[The data]
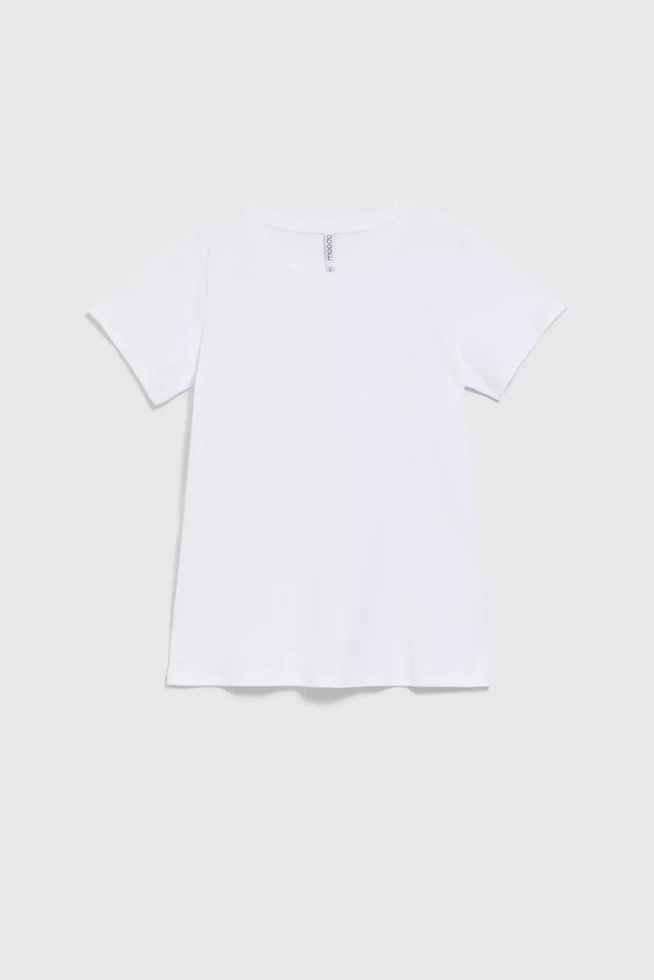 Gładka bluzka z okrągłym dekoltem biała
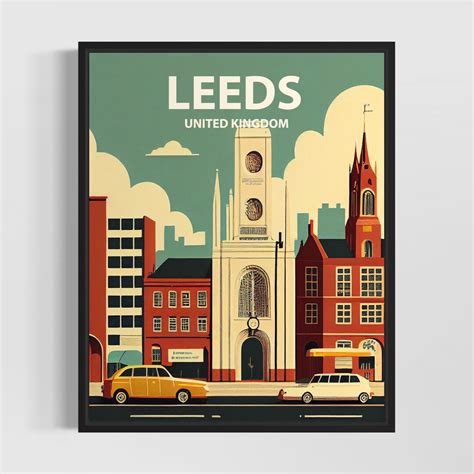 Leeds UK Retro Art Print, Leeds Wall Art Illustration, Leeds Vintage ...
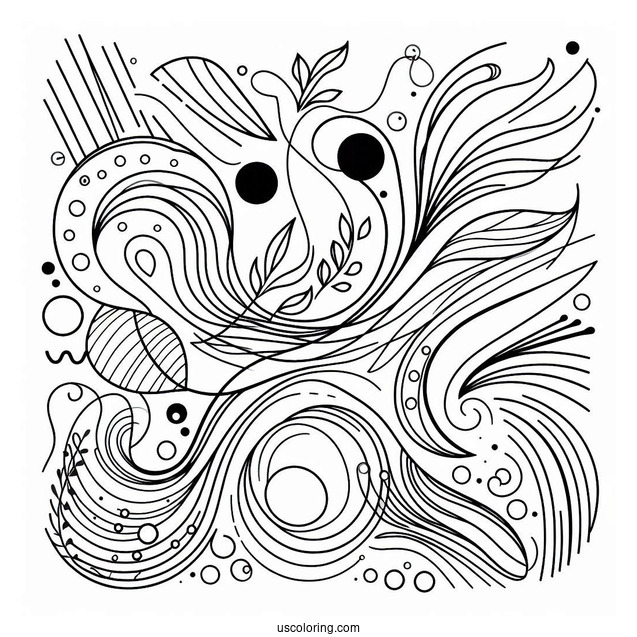 Simple Lines And Shapes Abstract Coloring Page For Kids
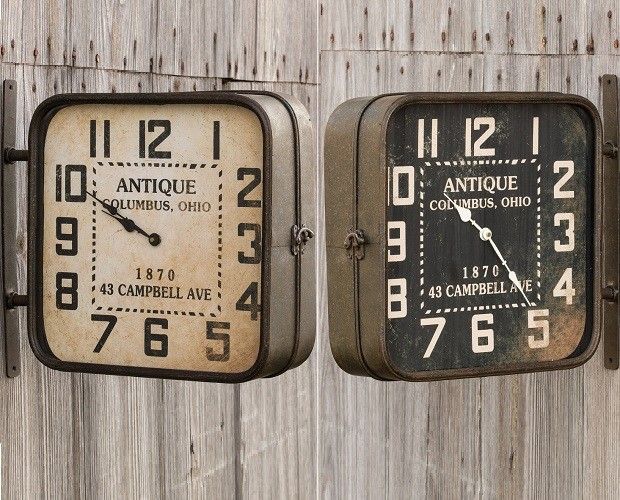 Double Sided Hanging Clock | Square Wall Clock...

[Task to carry out] Starting at the line that holds "Illustration, Leeds Vintage ..." and ending at the last line of the material above, repeat each line exactly, both ends included, and leave the pictures out.

[Response to the exercise]
 Leeds UK Retro Art Print, Leeds Wall Art Illustration, Leeds Vintage ...
 Simple Lines And Shapes Abstract Coloring Page For Kids
 Double Sided Hanging Clock | Square Wall Clock...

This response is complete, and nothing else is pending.